Libri elettronici. Libri cartacei. Con l’avvento di Amazon in Italia e il conseguente negozio di e-book che mette a disposizione 16.000 testi nella nostra lingua cambia forse molto. Alcuni dicono tutto. Abbiamo chiesto a scrittori e operatori culturali di dirci la loro in questo momento ‘epocale’. Noi che non tifiamo per il bit né per la carta ma per la lettura. Inizia la serie Tito Faraci, uno dei maggiori sceneggiatori di fumetti al mondo e autore del recente romanzo Oltre la Soglia (Piemme)

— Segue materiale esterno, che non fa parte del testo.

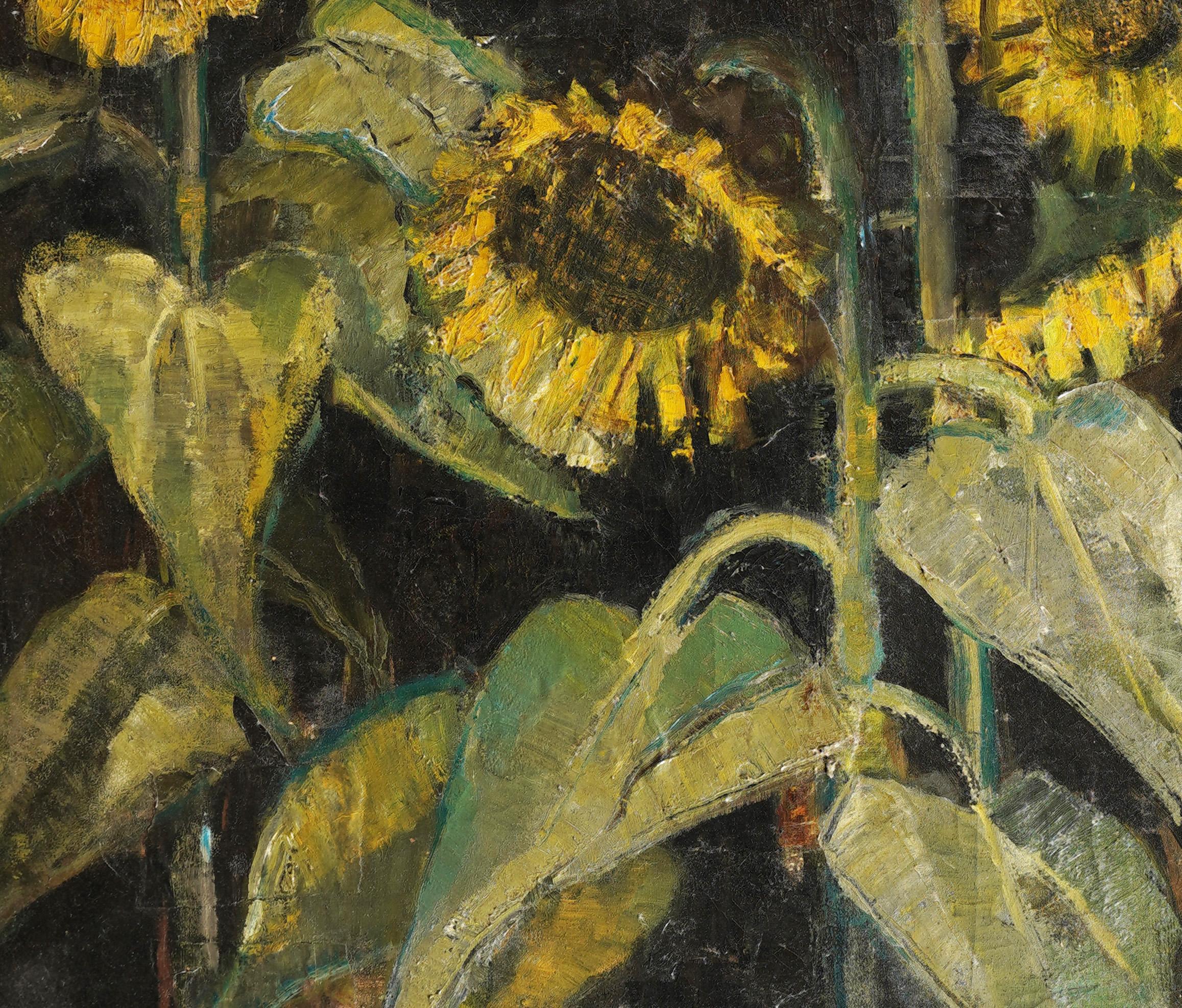 Antike amerikanische Modernisten unterzeichnet Sonnenblume Stillleben Ölgemälde.  Öl auf Leinwand.  Unterschrieben.  Gerahmt.  Bildgröße: 28L x 36H.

Con il Kindle c'è poco da giocherellare. Dopo una decina di minuti hai già capito tutto, e lo usi. Lo usi per leggere, e basta. È come un foglio bianco, insomma: prende senso quando ci metti sopra qualcosa.
L'unica vera fonte di di stupore (ma non piccola) è l'inchiostro elettronico. All'inizio non ci credi. Ci passi su le dita. Sembra un adesivo. Tutta un'altra storia, rispetto a leggere su uno schermo di iPad o, peggio ancora, computer. Leggere su un Kindle, in questo senso, è proprio come leggere su carta. Mi vedo già farlo in spiaggia, per esempio, senza nessun problema. Sabbia a parte.
C'è un solo modello "italiano". Schermo sei pollici: come leggersi un Sellerio, per capirci. Unico difetto, la tastiera virtuale: devi cercare e premere una letterina alla volta, spostando un cursore.
Scomodissimo, in particolare per inserire username e password configurandolo. Ho dovuto fare parecchi tentativi, con nervosismo e impazienza. Poi però tutto è filato liscio.
I 16.000 titoli italiani di Amazon.it sembrano tanti, ma appena si inizia a vagare per questa "libreria" se ne vedono i limiti. Molta roba nuova, parecchi classici. Manca quel che starebbe in mezzo:
titoli di catalogo non recentissimi. Bisognerà avere pazienza.
Però io dubito che comprerò anche un solo libro cartaceo in meno.
Semmai, comprerò qualche libro in più, in versione digitale. Con Kindle ho aperto un nuovo spazio per la lettura, che non ne sostituisce nessuno vecchio.
Per ragioni che non so bene spiegare, Kindle mi sembra adatto a leggere in treno, in metropolitana, in giro fuori di casa... ma non in poltrona o a letto. Ma forse su questo cambierò idea, alla prova dei fatti. Questione di abituarsi.